An influx of clearcuts is coming to Whidbey Island, according to recent Department of Natural Resources decisions analyzed by a local environmental-protection group.

An influx of clearcuts is coming to Whidbey Island, according to recent Department of Natural Resources decisions analyzed by a local environmental-protection group.

In April alone, that state agency, often known as DNR, approved 90.75 acres for clearcutting, and left pending applications to clearcut another 44 acres, said Marianne Edain, a coordinator with Whidbey Environment Action Network, or WEAN.

Another 38.5 acres were approved for thinning.

“We are anti-clearcutting, not anti-logging,” Edain said, addressing a meeting of the county’s planning commission on May 9.

“Clearcutting is a disastrous form of logging, and there are many examples of very successful selective logging. If you take two percent of a forest per year, you can do that forever.”

The clearcuts — set out in Forest Practice “notices of decision” approving harvests of 70 percent or more of the trees on a property — are slated to occur at the southwest corner of the intersection of Lone Lake and Goss Lake Roads, in Langley; at the intersection of Libbey and West Beach Roads, between Coupeville and Oak Harbor; off Sleeper Road southwest of Dugualla State Park, near Oak Harbor; off Lone Lake Road near Saratoga Road, in Langley; Becker Road, near the Bayview Road dog park, in Bayview; and just south of Chase Lake, north of Freeland.

No start dates are provided. Some of the sites to be logged involve slopes with grades of up to 50 percent, according to the notices.

Some clearcuts are conversions, meaning the land will be built on. Most by law must be reforested — though “what that actually means in practice varies widely,” Edain said. In any case, she said, “A replanted clearcut is not a forest — it is a rather sad tree farm.”

WEAN hasn’t consistently tracked Forest Practice notices of decision, said Edain, but “my sense is that clearcutting has been increasing over the past year.”

Tracking clearcuts and their effects is hard, she said, in part because of internal inconsistencies within applications. For example, one recent application cited plans to cut 80 percent of 26 acres at Lone Lake and Goss Lake roads, but claimed to be exempt from the requirement to reforest the area, checking the box claiming, “I am leaving at least 100 vigorous, undamaged and well-distributed saplings or merchantable trees per acre.”

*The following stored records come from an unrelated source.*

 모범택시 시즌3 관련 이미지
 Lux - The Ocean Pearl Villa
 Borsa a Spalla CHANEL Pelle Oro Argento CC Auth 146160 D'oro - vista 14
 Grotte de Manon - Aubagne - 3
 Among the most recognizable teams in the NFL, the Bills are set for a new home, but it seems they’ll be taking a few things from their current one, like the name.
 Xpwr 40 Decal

If those 100 trees represent the 20 percent uncut on each acre, there must be another 400 trees making up the 80 percent to be cut, Edain observed.

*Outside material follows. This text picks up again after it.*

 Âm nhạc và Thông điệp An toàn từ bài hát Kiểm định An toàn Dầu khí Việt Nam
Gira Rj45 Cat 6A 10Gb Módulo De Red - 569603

“So 500 vigorous, merchantable trees per acre? That’s a pretty high number — unrealistically high.”

Not necessarily, responded Steve Ranten, the forest-practice coordinator for DNR’s Northwest region. “It’s really hard to tell whether that’s realistic without seeing the site, but in a multi-age stand, it is possible,” he said.

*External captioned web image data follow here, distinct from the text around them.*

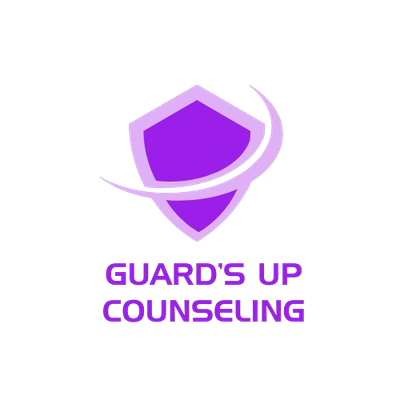 Guard's Up Counseling Logo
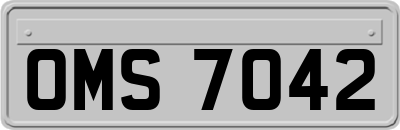 OMS7042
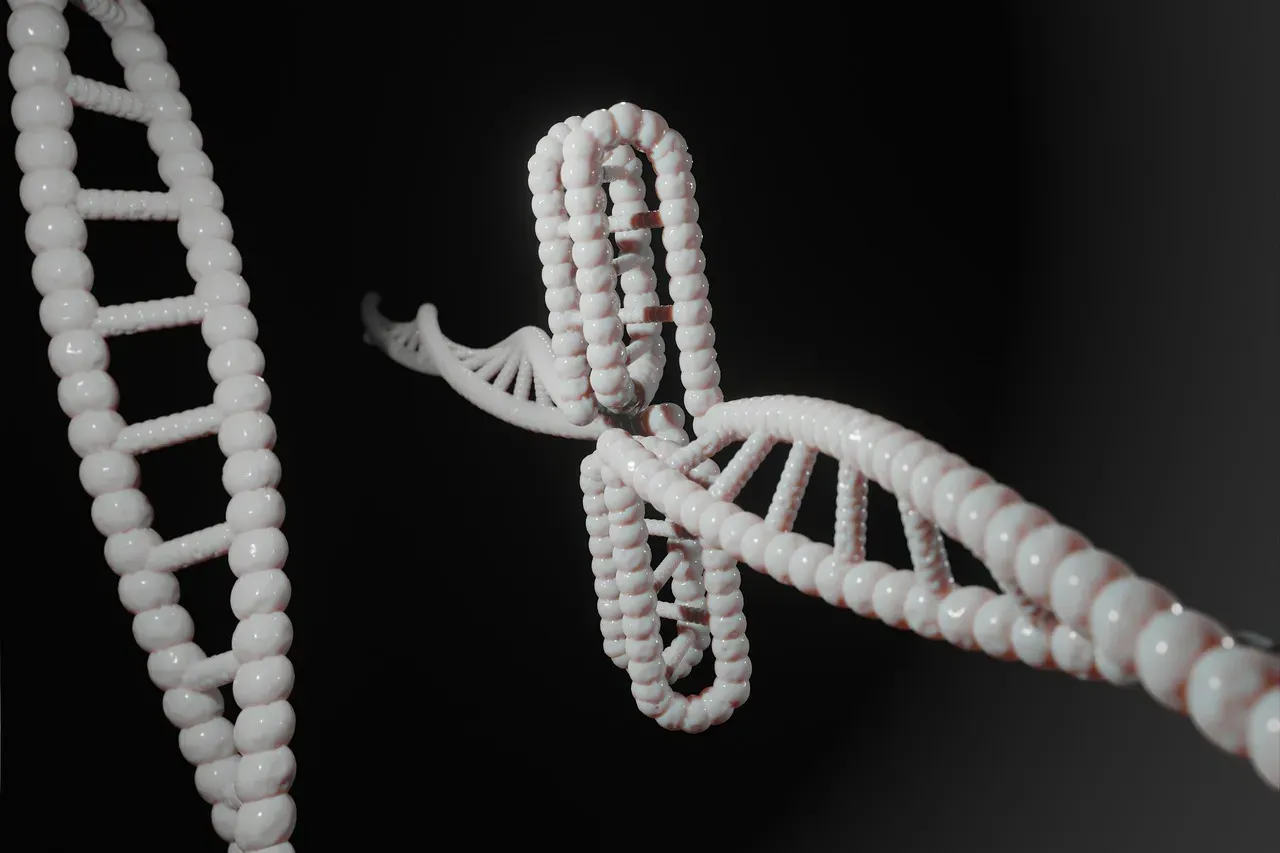 Genetic Time Machines: DNA As A Window Into Hidden Histories (Image Credits: Pixabay)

DNR imposes stringent controls on clearcuts, Ranten said. “There are many restrictions in black and white, and our foresters do a tremendous amount of field review.”

Regulations preclude clearcuts of greater than 40 acres on saltwater islands like Whidbey, for example.

Some defend clearcuts. The Washington Forest Protection Association, an Olympia-based group of private forest-land owners including logging giants Campbell Global, Rayonier and Weyerhaeuser, said both economic and ecological rationales support clearcuts.

Douglas fir depend on full-sun conditions to thrive — conditions that occur after a fire or a massive windstorm. Clearcutting simulates those conditions to create an open area, the group said on its website. Large-scale harvests disturb the forest soil and water less than frequent, smaller incursions, it said.

A lot of Island County residents would like to see the county gain full control over logging, excluding the state altogether, said Bill Poss, development coordinator in the county’s public-works department. At the moment, the county regulates logging only when landowners cut timber to clear a site for building, not when they harvest. “But the county’s perspective is that we’re obligated to administer the regulations as they are, not as they could be,” Poss said.